Nós queríamos ir todos comprar os 'tazos' que saíam nas batatas fritas, os fios das revistas, os posters colados nas paredes. Este espetáculo é muito baseado na primeira parte dos anos 90, o que se passava na televisão. Falo sobre a escola nos anos 90, sobre aquele leite que nos davam, aquele pacote de leite que já vinha azedo da fábrica.
O espetáculo todo é sobre mim, tudo o que passei no Alentejo.
Espetáculo 'Não estavas capaz não vinhas' © Instagram - Ana Arrebentinha
A Ana sente que para fazer humor nos dias de hoje é preciso mais cautela? Tem de se 'policiar' de alguma forma antes de escrever alguma piada?
Em geral sim, nós, mais do que nunca, estamos mais debaixo do olho do que estaríamos há algum tempo. O limite do humor está no bom senso de quem faz e de quem ouve. Gosto muito de fazer comédia para as pessoas esquecerem da vida delas.
A minha comédia é mais de observação, mais interventiva, mais política, só ouve quem quer. Obviamente estamos debaixo de olho. As redes sociais são muito cruéis, qualquer coisa que digas fora do contexto, és logo escrutinado ali.
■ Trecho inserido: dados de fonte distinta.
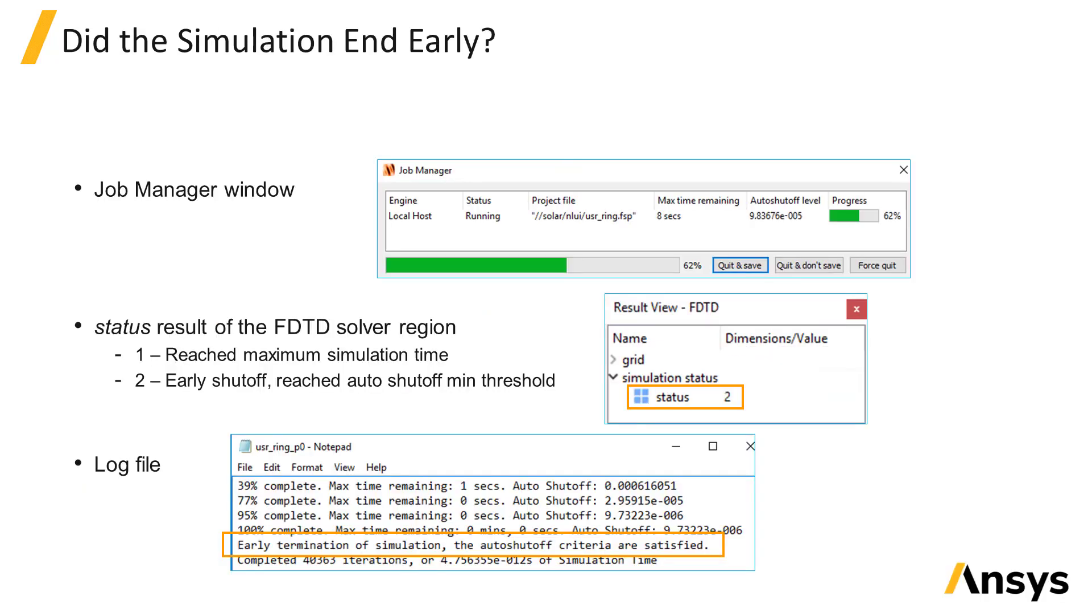There are several ways to tell whether the auto shutoff threshold was reached. One is by monitoring the job manager window while the simulation is running. You might see that the simulation ends before the progress bar reaches 100% and that indicates that the simulation was ended early.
Isto está no bom senso de cada um. Eu tento adaptar, tento que as pessoas que me vão ver se sintam bem.
Qual é que é o objetivo profissional da Ana?
Estou muito focada na minha vida profissional como comediante, cada ano que passo quero fazer um espetáculo diferente e de correr os mesmos sítios e já tenho alguns convites para o novo espetáculo que ando a escrever.
A minha formação é teatro, sou atriz, fiz um filme e adorei. Obviamente gostaria de passar pelas salas de cinema, gostava de passar novamente também pela televisão mas o palco preenche-me a mil por cento. Assumir a minha homossexualidade foi muito orgânico. Fi-lo por mim, para mostrar normalidade
A Ana também teve um papel de destaque como comentadora do 'Big Brother'. É uma coisa que guarda com carinho, gostava de voltar?
Guardo com muito carinho. Tenho a noção de que este público que me acompanha hoje em dia me conheceu a partir daí. Aprendi muito, é muito difícil comentar um jogo, comentar pessoas que nós nunca vimos de lado nenhum, gerir o nosso comentário e as pessoas que estão cá fora.
Nem sempre corre bem, a nossa observação pode não calhar com aquilo que a pessoa é na realidade, mas dá-nos poder de observação de argumentação.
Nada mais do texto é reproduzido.